### [About this exercise]
Set the listing down once more, exactly as given.
---------------
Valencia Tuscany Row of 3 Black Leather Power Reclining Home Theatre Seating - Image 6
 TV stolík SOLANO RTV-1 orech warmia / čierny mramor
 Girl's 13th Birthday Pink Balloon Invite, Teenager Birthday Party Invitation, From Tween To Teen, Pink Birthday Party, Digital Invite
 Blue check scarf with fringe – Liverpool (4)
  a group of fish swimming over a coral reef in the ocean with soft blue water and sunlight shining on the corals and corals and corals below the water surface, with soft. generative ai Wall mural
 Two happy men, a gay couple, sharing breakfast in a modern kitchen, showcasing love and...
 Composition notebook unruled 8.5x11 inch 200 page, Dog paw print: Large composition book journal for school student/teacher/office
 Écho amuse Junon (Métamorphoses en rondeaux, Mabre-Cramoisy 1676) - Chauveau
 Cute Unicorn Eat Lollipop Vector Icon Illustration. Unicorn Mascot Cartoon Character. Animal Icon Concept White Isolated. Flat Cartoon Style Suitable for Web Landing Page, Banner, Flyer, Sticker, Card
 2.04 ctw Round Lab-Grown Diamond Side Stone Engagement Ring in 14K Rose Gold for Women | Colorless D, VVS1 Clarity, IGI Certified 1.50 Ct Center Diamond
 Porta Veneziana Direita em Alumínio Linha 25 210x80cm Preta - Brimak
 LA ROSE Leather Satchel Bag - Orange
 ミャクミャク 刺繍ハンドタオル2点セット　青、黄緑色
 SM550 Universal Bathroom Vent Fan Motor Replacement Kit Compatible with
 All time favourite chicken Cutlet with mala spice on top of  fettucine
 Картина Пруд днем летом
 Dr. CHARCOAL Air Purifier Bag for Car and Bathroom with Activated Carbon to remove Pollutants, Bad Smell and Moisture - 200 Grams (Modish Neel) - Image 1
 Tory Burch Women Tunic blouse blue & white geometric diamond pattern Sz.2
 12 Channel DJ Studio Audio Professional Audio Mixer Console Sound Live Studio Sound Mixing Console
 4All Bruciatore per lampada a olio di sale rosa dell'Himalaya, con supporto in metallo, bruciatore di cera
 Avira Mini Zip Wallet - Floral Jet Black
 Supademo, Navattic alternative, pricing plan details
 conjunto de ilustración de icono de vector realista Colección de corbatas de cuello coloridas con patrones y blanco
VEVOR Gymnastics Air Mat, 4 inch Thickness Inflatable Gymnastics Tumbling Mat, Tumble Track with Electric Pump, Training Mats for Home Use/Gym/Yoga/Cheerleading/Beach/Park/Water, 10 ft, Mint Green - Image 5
---------------
### [Answer area]
Valencia Tuscany Row of 3 Black Leather Power Reclining Home Theatre Seating - Image 6
 TV stolík SOLANO RTV-1 orech warmia / čierny mramor
 Girl's 13th Birthday Pink Balloon Invite, Teenager Birthday Party Invitation, From Tween To Teen, Pink Birthday Party, Digital Invite
 Blue check scarf with fringe – Liverpool (4)
  a group of fish swimming over a coral reef in the ocean with soft blue water and sunlight shining on the corals and corals and corals below the water surface, with soft. generative ai Wall mural
 Two happy men, a gay couple, sharing breakfast in a modern kitchen, showcasing love and...
 Composition notebook unruled 8.5x11 inch 200 page, Dog paw print: Large composition book journal for school student/teacher/office
 Écho amuse Junon (Métamorphoses en rondeaux, Mabre-Cramoisy 1676) - Chauveau
 Cute Unicorn Eat Lollipop Vector Icon Illustration. Unicorn Mascot Cartoon Character. Animal Icon Concept White Isolated. Flat Cartoon Style Suitable for Web Landing Page, Banner, Flyer, Sticker, Card
 2.04 ctw Round Lab-Grown Diamond Side Stone Engagement Ring in 14K Rose Gold for Women | Colorless D, VVS1 Clarity, IGI Certified 1.50 Ct Center Diamond
 Porta Veneziana Direita em Alumínio Linha 25 210x80cm Preta - Brimak
 LA ROSE Leather Satchel Bag - Orange
 ミャクミャク 刺繍ハンドタオル2点セット　青、黄緑色
 SM550 Universal Bathroom Vent Fan Motor Replacement Kit Compatible with
 All time favourite chicken Cutlet with mala spice on top of  fettucine
 Картина Пруд днем летом
 Dr. CHARCOAL Air Purifier Bag for Car and Bathroom with Activated Carbon to remove Pollutants, Bad Smell and Moisture - 200 Grams (Modish Neel) - Image 1
 Tory Burch Women Tunic blouse blue & white geometric diamond pattern Sz.2
 12 Channel DJ Studio Audio Professional Audio Mixer Console Sound Live Studio Sound Mixing Console
 4All Bruciatore per lampada a olio di sale rosa dell'Himalaya, con supporto in metallo, bruciatore di cera
 Avira Mini Zip Wallet - Floral Jet Black
 Supademo, Navattic alternative, pricing plan details
 conjunto de ilustración de icono de vector realista Colección de corbatas de cuello coloridas con patrones y blanco
VEVOR Gymnastics Air Mat, 4 inch Thickness Inflatable Gymnastics Tumbling Mat, Tumble Track with Electric Pump, Training Mats for Home Use/Gym/Yoga/Cheerleading/Beach/Park/Water, 10 ft, Mint Green - Image 5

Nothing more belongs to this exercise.